▶ **SUPPLIED MATERIAL**

*** Begin section ***

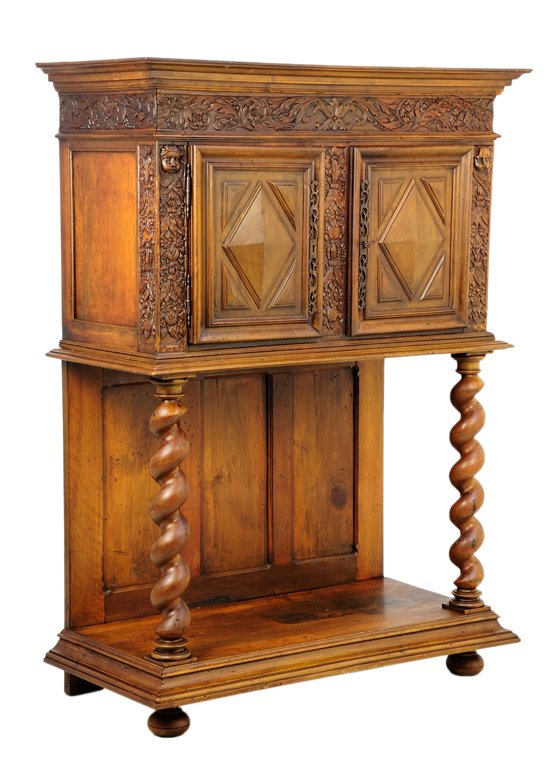 A RENAISSANCE REVIVAL CABINET ON STAND: A RENAISSANCE REVIVAL CABINET ON STAND The cabinet on stand having a flared cornice over the foliate carved frieze, above two paneled doors, flanked by mask carved decoration, raised on barley twist s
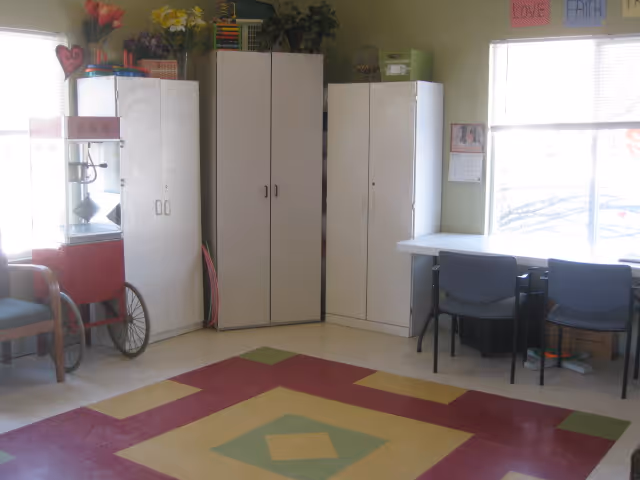 A room with a colorful geometric patterned floor, white storage cabinets against the wall, a popcorn machine on a cart, a table with two chairs near a window, and some decorative items including flowers and wall hangings.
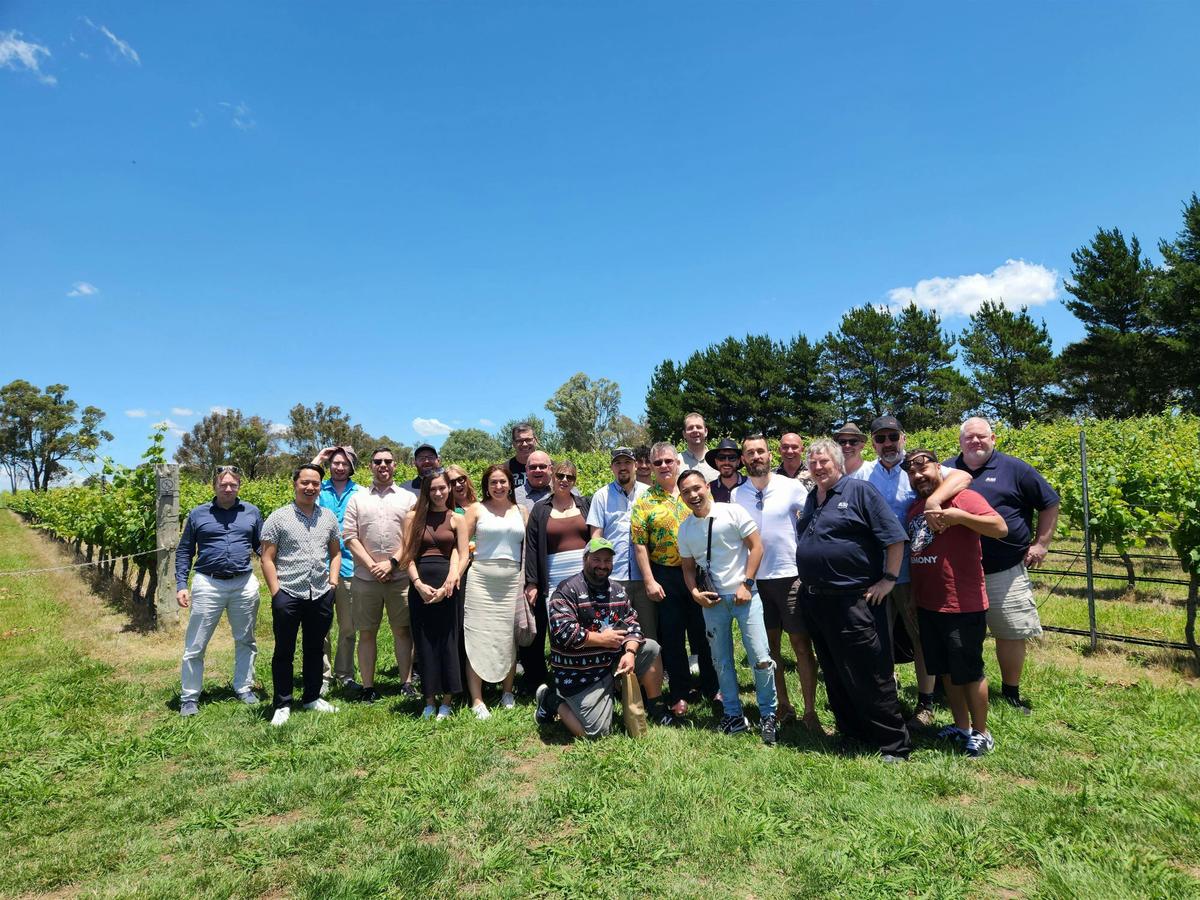 A diverse group of individuals standing together in a vast field, showcasing unity and togetherness.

*** End section ***

▶ **TASK DESCRIPTION**
From the line with "A room with" through the final line of the data above, copy everything exactly, both ends included, but not the pictures.

▶ **TASK ANSWER**
 A room with a colorful geometric patterned floor, white storage cabinets against the wall, a popcorn machine on a cart, a table with two chairs near a window, and some decorative items including flowers and wall hangings.
 A diverse group of individuals standing together in a vast field, showcasing unity and togetherness.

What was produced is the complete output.